For simple things, you can convert it to a fixed-length string array.
E.g.
import numpy as np
# Generate some random floating-point data
x = np.random.random(100)
# Convert it to fixed-length strings with a maximum length of 5 characters
y = x.astype('|S5')
print 'Original Array'
print x
print 'Converted to fixed-length strings'
print y
This outputs:
Original Array
[ 0.25669986 0.55193955 0.39582629 0.40559555 0.75836284 0.13031881
0.84448005 0.20825593 0.32131777 0.5738351 0.72200185 0.14700912
0.62306299 0.21549908 0.96927738 0.13327512 0.06948689 0.34436446
0.58785565 0.58557563 0.3229981 0.0356056 0.67621536 0.07334146
0.25804432 0.59477881 0.10382583 0.47255438 0.0747982 0.41586059
0.54310507 0.68426668 0.14454108 0.62950246 0.30748958 0.56605352
0.25072476 0.70945076 0.72311872 0.2357644 0.59668047 0.27536644
0.96557189 0.97749755 0.95629738 0.15902741 0.32879056 0.60324024
0.07463531 0.77562818 0.20181969 0.53088481 0.85723283 0.25163771
0.06770161 0.45302361 0.3500556 0.37980214 0.87567327 0.94278158
0.28586752 0.35682239 0.8746877 0.99562283 0.38323688 0.90561641
0.64439454 0.53465359 0.37486244 0.33196021 0.99762377 0.29295412
0.50162051 0.17312773 0.80100872 0.04233855 0.69062118 0.59194923
0.65409137 0.25636784 0.40616824 0.82858658 0.90618301 0.87036914
0.37534268 0.566982 0.55454063 0.75048023 0.56582157 0.62779239
0.05196828 0.86418784 0.9862007 0.43015164 0.43576519 0.64918536
0.99522735 0.81158283 0.02115479 0.47745413]

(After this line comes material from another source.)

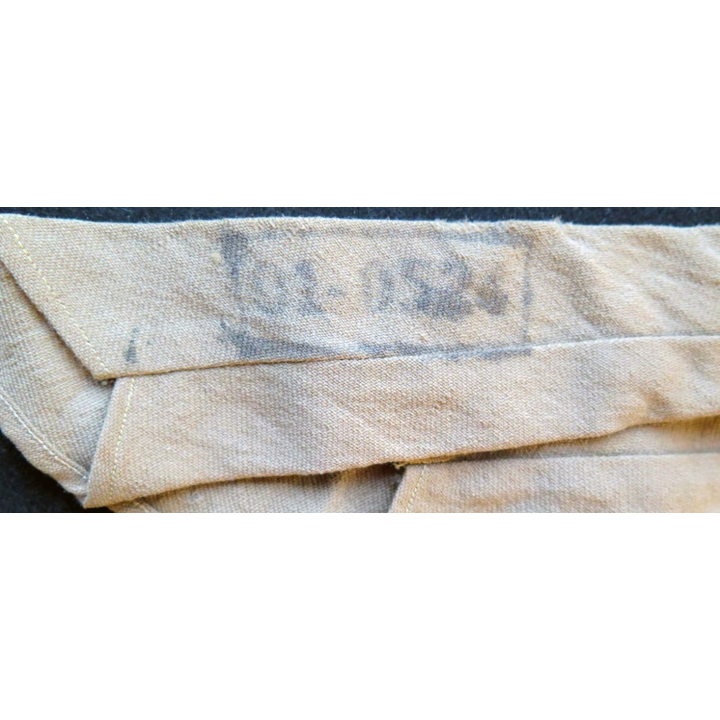 cravate kaki clair avec tampon 01 - 0524 avec trou de mite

Converted to fixed-length strings
['0.256' '0.551' '0.395' '0.405' '0.758' '0.130' '0.844' '0.208' '0.321'
'0.573' '0.722' '0.147' '0.623' '0.215' '0.969' '0.133' '0.069' '0.344'
'0.587' '0.585' '0.322' '0.035' '0.676' '0.073' '0.258' '0.594' '0.103'
'0.472' '0.074' '0.415' '0.543' '0.684' '0.144' '0.629' '0.307' '0.566'
'0.250' '0.709' '0.723' '0.235' '0.596' '0.275' '0.965' '0.977' '0.956'
'0.159' '0.328' '0.603' '0.074' '0.775' '0.201' '0.530' '0.857' '0.251'
'0.067' '0.453' '0.350' '0.379' '0.875' '0.942' '0.285' '0.356' '0.874'
'0.995' '0.383' '0.905' '0.644' '0.534' '0.374' '0.331' '0.997' '0.292'
'0.501' '0.173' '0.801' '0.042' '0.690' '0.591' '0.654' '0.256' '0.406'
'0.828' '0.906' '0.870' '0.375' '0.566' '0.554' '0.750' '0.565' '0.627'
'0.051' '0.864' '0.986' '0.430' '0.435' '0.649' '0.995' '0.811' '0.021'
'0.477']
This will be much faster, but you're limited to fixed-length strings. (Obviously, you can change the length. Just use x.astype('|S10') or whatever length you'd like.)
Again, though, if you're just wanting to write the data to a file, use savetxt.